Si la Russie ne versait pas les réparations fixées par la commission des réclamations, il devrait alors être possible, en dernier ressort, de prélever sur les fonds gelés. Pour cela, il conviendrait au préalable d’insérer dans les règlements de l’UE imposant les mesures restrictives une clause autorisant le dégel des fonds aux fins de financer les indemnisations prononcées par la commission. Cela n’épuiserait pas pour autant les éventuelles accusations de la part de la Russie de confiscation déguisée ou de violation de l’immunité souveraine. Mais cela placerait néanmoins l’ensemble du processus dans un cadre objectif et transparent à l’aune duquel pourrait s’envisager une évolution du droit de la responsabilité internationale, permettant à des États tiers autres que l’État lésé (en l’espèce l’Ukraine) de prendre des mesures destinées à conduire l’État responsable à se conformer à son obligation de réparation des actes internationalement illicites dont il est l’auteur.

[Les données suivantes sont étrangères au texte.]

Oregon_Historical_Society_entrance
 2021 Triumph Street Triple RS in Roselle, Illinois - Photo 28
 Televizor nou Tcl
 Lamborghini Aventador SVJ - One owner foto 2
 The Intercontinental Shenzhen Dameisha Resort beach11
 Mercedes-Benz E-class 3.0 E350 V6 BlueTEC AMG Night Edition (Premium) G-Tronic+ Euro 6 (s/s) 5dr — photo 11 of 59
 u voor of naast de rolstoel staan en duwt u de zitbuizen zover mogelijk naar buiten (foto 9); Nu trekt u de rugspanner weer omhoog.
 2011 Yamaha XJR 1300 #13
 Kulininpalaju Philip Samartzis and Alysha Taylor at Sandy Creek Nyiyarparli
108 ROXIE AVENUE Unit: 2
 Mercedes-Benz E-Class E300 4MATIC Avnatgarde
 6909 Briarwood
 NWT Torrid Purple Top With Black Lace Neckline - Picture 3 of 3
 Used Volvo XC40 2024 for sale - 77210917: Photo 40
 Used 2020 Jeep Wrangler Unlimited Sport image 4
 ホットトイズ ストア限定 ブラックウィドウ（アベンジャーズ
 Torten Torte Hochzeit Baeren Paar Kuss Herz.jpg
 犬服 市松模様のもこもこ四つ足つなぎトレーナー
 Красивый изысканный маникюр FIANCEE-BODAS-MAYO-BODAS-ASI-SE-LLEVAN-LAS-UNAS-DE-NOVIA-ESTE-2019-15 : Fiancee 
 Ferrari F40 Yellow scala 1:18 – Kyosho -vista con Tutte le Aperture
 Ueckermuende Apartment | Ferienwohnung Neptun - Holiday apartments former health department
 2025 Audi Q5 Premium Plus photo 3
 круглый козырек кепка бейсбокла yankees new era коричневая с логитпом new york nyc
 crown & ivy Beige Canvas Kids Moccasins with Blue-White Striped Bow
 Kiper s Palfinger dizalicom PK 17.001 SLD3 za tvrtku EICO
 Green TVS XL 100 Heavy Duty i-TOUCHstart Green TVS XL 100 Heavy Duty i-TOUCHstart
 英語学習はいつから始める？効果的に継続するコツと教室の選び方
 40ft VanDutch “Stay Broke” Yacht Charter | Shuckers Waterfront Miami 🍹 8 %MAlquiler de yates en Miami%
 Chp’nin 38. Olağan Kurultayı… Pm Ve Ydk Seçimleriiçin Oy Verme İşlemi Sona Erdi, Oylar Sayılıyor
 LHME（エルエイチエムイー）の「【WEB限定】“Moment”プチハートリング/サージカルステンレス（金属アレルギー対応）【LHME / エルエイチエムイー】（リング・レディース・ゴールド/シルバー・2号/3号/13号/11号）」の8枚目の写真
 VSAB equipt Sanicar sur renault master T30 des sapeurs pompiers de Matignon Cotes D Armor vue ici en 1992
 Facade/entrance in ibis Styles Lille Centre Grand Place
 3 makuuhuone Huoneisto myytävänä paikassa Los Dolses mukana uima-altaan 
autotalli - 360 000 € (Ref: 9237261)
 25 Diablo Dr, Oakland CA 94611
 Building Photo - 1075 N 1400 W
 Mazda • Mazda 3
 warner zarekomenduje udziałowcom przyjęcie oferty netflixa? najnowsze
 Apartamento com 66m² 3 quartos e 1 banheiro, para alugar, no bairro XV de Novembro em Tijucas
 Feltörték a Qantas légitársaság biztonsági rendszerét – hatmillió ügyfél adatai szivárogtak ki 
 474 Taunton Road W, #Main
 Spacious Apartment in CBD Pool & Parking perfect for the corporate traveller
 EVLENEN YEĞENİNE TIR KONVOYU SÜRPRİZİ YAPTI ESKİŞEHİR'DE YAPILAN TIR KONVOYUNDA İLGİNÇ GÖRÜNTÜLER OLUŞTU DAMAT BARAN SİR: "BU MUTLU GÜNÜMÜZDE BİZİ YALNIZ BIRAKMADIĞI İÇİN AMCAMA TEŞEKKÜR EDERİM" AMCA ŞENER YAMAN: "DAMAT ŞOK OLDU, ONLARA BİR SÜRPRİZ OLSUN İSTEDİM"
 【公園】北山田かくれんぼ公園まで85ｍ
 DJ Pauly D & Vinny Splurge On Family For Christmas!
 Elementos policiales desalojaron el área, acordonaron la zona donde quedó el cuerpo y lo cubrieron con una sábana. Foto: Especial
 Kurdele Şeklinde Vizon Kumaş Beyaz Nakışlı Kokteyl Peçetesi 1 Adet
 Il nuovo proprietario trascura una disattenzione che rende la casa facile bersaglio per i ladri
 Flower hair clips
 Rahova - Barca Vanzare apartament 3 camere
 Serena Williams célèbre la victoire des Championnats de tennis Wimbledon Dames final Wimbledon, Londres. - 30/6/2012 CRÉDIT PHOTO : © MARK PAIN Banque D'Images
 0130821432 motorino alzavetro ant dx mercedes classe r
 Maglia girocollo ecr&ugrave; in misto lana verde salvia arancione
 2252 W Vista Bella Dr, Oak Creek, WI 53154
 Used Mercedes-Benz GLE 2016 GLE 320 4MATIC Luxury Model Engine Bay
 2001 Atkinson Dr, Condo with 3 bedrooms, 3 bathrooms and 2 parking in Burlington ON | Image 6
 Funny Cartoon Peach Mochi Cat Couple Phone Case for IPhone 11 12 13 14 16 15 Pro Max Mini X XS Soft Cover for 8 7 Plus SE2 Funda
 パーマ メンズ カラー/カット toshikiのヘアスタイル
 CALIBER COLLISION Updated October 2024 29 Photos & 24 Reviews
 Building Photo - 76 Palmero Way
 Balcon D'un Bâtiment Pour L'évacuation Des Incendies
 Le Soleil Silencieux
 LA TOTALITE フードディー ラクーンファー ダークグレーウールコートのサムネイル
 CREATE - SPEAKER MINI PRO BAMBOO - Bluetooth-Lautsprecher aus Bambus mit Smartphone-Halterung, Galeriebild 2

Ces évolutions montrent qu’un cadre juridique crédible d’ensemble se dessine progressivement et que l’UE et ses États membres disposent de leviers concrets pour faire aboutir cet ambitieux « prêt de réparations » à l’Ukraine. Sans qu’une échéance stricte ait été fixée, de nouvelles précisions sont attendues lors du prochain Conseil les 23 et 24 octobre 2025.